In Houston tonight, under the heavy Texas heat and the sharper glare of a watching world, Pico Lopes walks out for Cape Verde knowing this is the kind of night that rewires a life.

On a small Atlantic archipelago off the coast of Senegal, it will be 11pm and televisions will flicker in bars, living rooms and roadside cafés as a nation holds its breath. In Ireland, where Lopes grew up, it will be 1am. Friends, former team-mates and the diehards who have followed his journey from Dublin schoolyards to the World Cup will sacrifice their Saturday morning sleep, tuning into RTÉ2 to see if the Shamrock Rovers captain can push Cape Verde into the knockout stages at the first attempt.

A few weeks ago, this was a curiosity. Now it is a story that has gripped the Irish public.

Cape Verde arrive at their final group game with the swagger of a side that has already torn up the script. They held Spain to a magnificent 0-0 draw, conceding just a single free-kick in the entire contest, then went toe to toe with Uruguay, taking the lead through a Kevin Pina free-kick to score their first ever World Cup goal and earning a 1-1 draw.

Two points. Two heavyweights rattled. And now the equation is simple: avoid defeat against Saudi Arabia and Cape Verde are through to the last 16.

For Lopes, the symmetry is impossible to ignore. Twenty-four years ago, in a Dublin classroom, he watched a TV being wheeled in so the kids could see Ireland face Saudi Arabia at the 2002 World Cup in Yokohama. That day, goals from Robbie Keane, Gary Breen and Damien Duff carried the Republic into the knockout rounds.

Now he is the one preparing to face the Saudis with everything on the line.

“Wouldn't it be amazing now if history repeated itself and that was the sort of win that took us to the next phase,” Lopes said in the build-up.

The romance of the moment is obvious, but there is no hint of complacency in his words.

“It's a great opportunity for us and we can't get drawn in thinking that's going to be an easy game or a foregone conclusion. I think Saudi Arabia are a really good team. They have some real quality in the side that can hurt you. We won't be getting carried away yet. Just focus on the game at hand and hopefully we can get it done.”

The stakes are enormous, yet the mood inside the Cape Verde camp is calm, almost steely. Their coach, Bubista, has hammered home one message from the start of this adventure: they belong here.

“We are very happy to be able to participate in the World Cup,” he said. “Football belongs to everyone. It does not belong only to wealthier countries.

“Saudi Arabia are a very organised team. They have great transitions, it is a difficult opponent, but we will rely on our organisation. We have confidence in our plan.”

That organisation has already carried them through two brutal tests.

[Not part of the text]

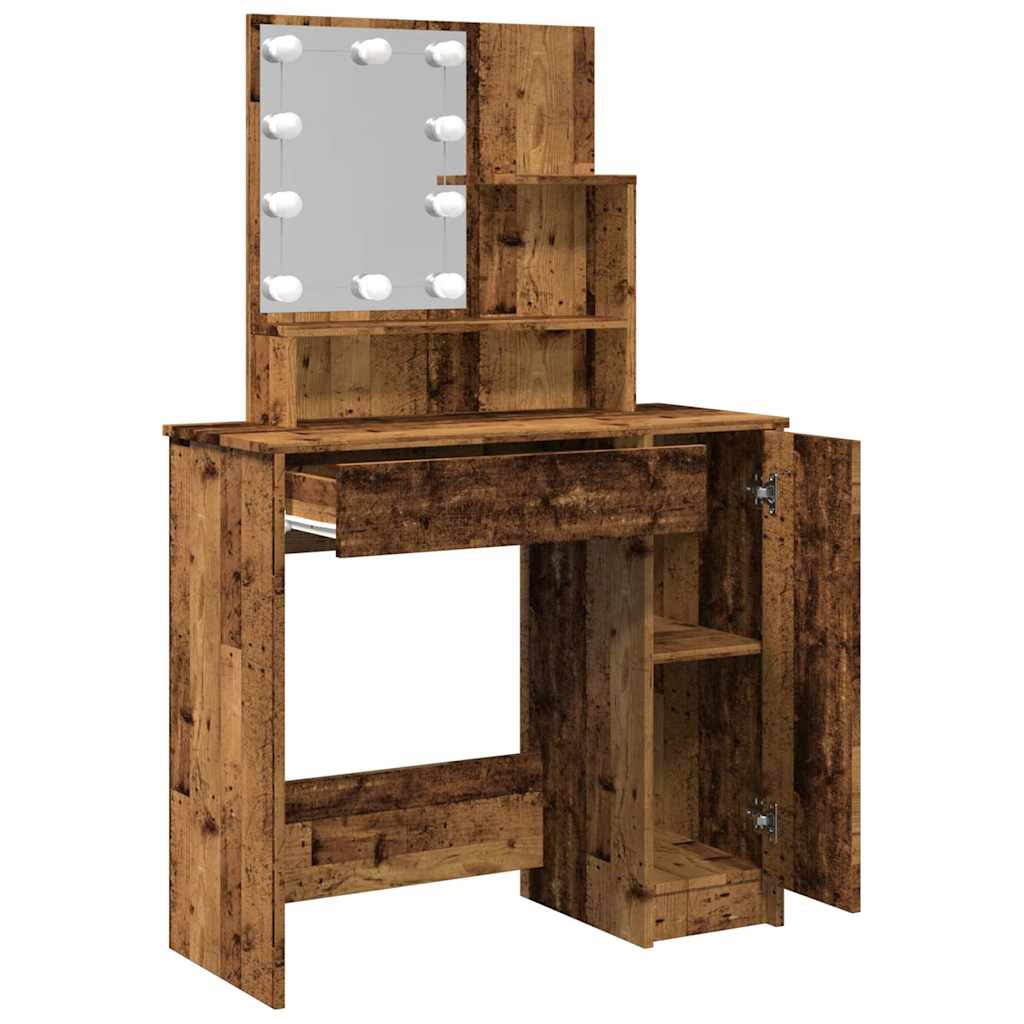 Antik fa színű LED.es fésülködőasztal 86,5 x 35 x 136 cm 9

Against Spain, they barely blinked, keeping their shape, refusing to be drawn into panic, and emerging with a result that turned heads across the tournament. Against Uruguay, they did more than survive. They struck first, Pina’s free-kick etching Cape Verde’s name onto the World Cup scoresheet for the very first time.

Little wonder Lopes speaks with a quiet conviction.

“The mood is good,” he said. “It's a final group game, but we're going into it with everything to play for.

“It's all in our hands, so we know what a win will do for progress to the next round, so we're really looking forward to just attacking the game from the start.”

He pauses before describing the path that has brought them here.

“I wouldn't say expected but it's a position that we wanted to be in. We knew it would be difficult but we knew we could achieve it if we believed it.

“We knew the first two games would be very difficult. To pick up two points out of them was huge and it probably gives us that little bit of a lift going into the final game as well given the format of the competition.”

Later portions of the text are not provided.